It has been observed that pore spaces and micro-cracks in the rock matrix are distributed in various sizes and different orientations [26]. We assume that contaminants not only penetrate in the matrix due to molecular diffusion, but also migrate through micro-cracks due to advection. Thus, the effective diffusivity, $D_1$, accounts for dispersion and molecular diffusion. If micro-cracks within the surrounding matrix have an orientation perpendicular to the conducting fracture, contaminants may migrate long distances and lead to a faster process than diffusion (super diffusion). We should predict the worst scenario to evaluate the risks of contaminants’ migration. Thus, in order to account for the advective process in the surrounding rocks, this study used the generalized Fickian mass flux in the matrix by introducing a fractional derivative, in the following form [27]:

$$q=-\theta D_1\frac{{\partial }^{\alpha }{c}_1}{\partial y^{\alpha }},$$

(3)

where $\alpha$ is the order of fractional derivative ($0<\alpha <1$). The value of $1/2<\alpha <1$ leads to faster (superdispersive) spreading, while the value of $0<\alpha <1/2$ causes slower (subdiffusive) spread [25]. Equation (3) describes Fickian diffusion when the index on space fractional derivative is 1/2 (i.e., $\alpha =1/2$). The fractional derivative can be defined by means of Laplace transformation $\mathcal{L}$, from the equation $\mathcal{L}\left[\frac{{\partial }^{\alpha }{c}_1}{\partial y^{\alpha }}\right]=p^{\alpha -1}(p\mathcal{L}\left[c_1\right]-c_1(\tau ,0))$, which is equivalent to the Caputo definition [28], $\frac{d^{\alpha }{c}_1}{d{y}^{\alpha }}={\int }_0^y\frac{{(y-\xi )}^{-\alpha }}{\mathsf{\Gamma }(1-\alpha )}\frac{d{c}_1}{d\xi }d\xi$.

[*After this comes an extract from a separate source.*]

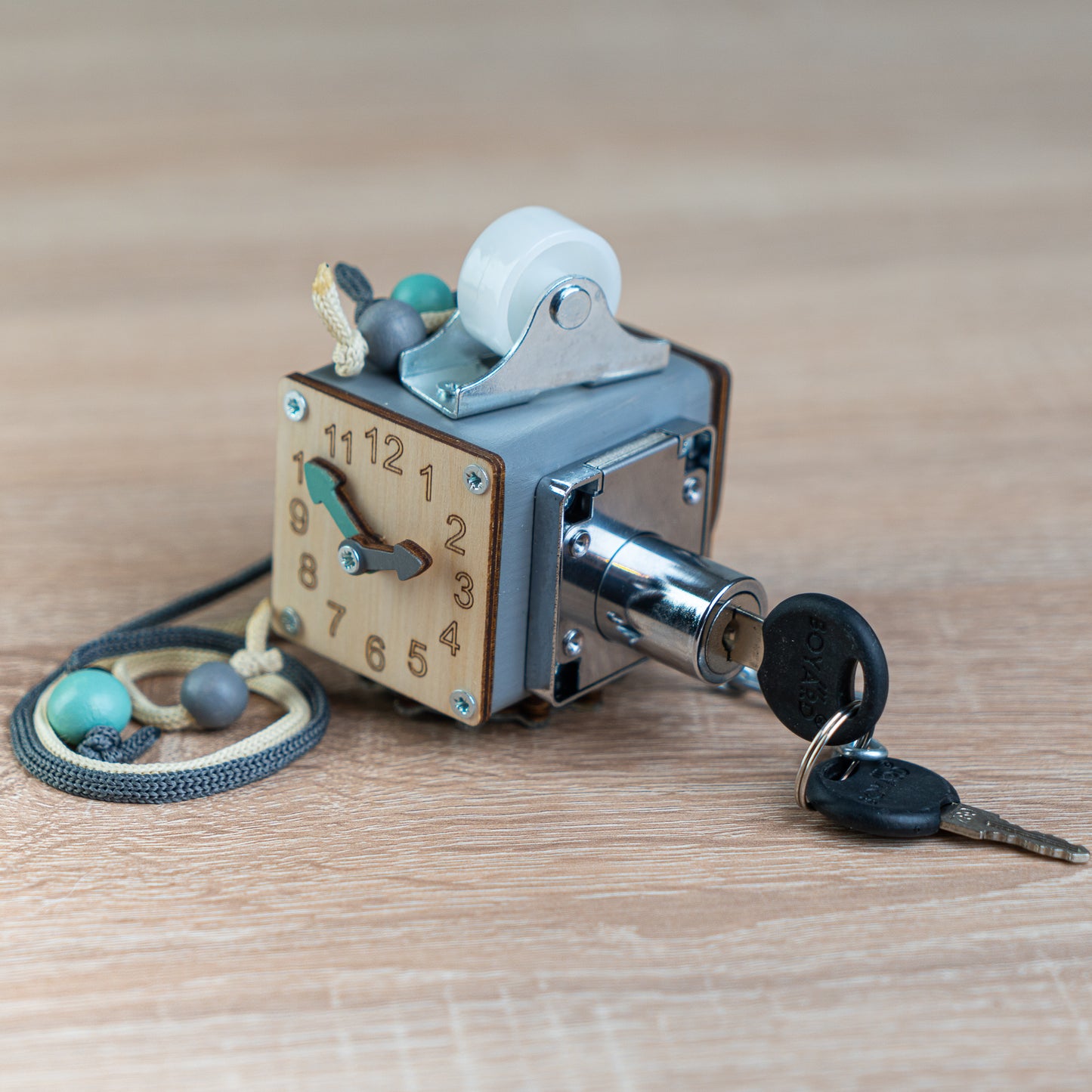 Busy Cube „Timeless“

The relationship between c and s in Equation (1) and between $c_1$ and $s_1$ in Equation (2) can be assumed [12] as

$$s=K_{f}c,$$

(4)

$$s_1=K_m{c}_1,$$

(5)

where $K_f$ and $K_m$ are given constants. Substituting correlations (4) and (5) into Equations (1) and (2) yields

$$R\frac{\partial c}{\partial \tau }=-v\frac{\partial c}{\partial x}+D\frac{{\partial }^{2}c}{\partial x^2}-R\lambda c+\frac{\theta D_1}{h}\frac{{\partial }^{\alpha }{c}_1}{\partial y^{\alpha }}{|}_{y=0},$$

(6)

$$R_1\frac{\partial c_1}{\partial \tau }=D_1\frac{\partial }{\partial y}\left(\frac{{\partial }^{\alpha }{c}_1}{\partial y^{\alpha }}\right)-R_1\lambda c_1,$$

(7)

where $R_1=1+\frac{{\rho }_m{K}_m}{\theta }$ and $R=1+\frac{K_f}{h}$ are retardation coefficients.

In general, concentration in the matrix $c_1$ is a function of both spatial coordinates, x and y: $c_1=c_1(\tau ,x,y)$. Let l and h be the characteristic scales for the length in the x-direction (along the aquifer) and y-direction, respectively. The scale l is defined by the distance of contaminant intrusion into the aquifer in the x-direction due to the advective transport, and the scale h is defined by the thickness of the aquifer. The characteristic values of the concentration gradient in x- and y-direction are $C_0/l$ and $C_0/h$, respectively. Therefore, the ratio of the gradients can be estimated by the quotient of the length scales, $h/l$. Obviously, the scale l can be much greater than the scale h, and the ratio $h/l$ can be very small. Hence, diffusion in the x-direction is negligibly small compared to the diffusion in y-direction. Thus, the derivative of $c_1$ with respect to x is ignored. This is the same assumption with Grisak and Pickens [29] and Tang et al. [12]. Dependence of $c_1$ on x is a consequence of the boundary conditions on the rock–fracture interface ($y=0$), which couples $c_1$ with the mean concentration in the fracture, c.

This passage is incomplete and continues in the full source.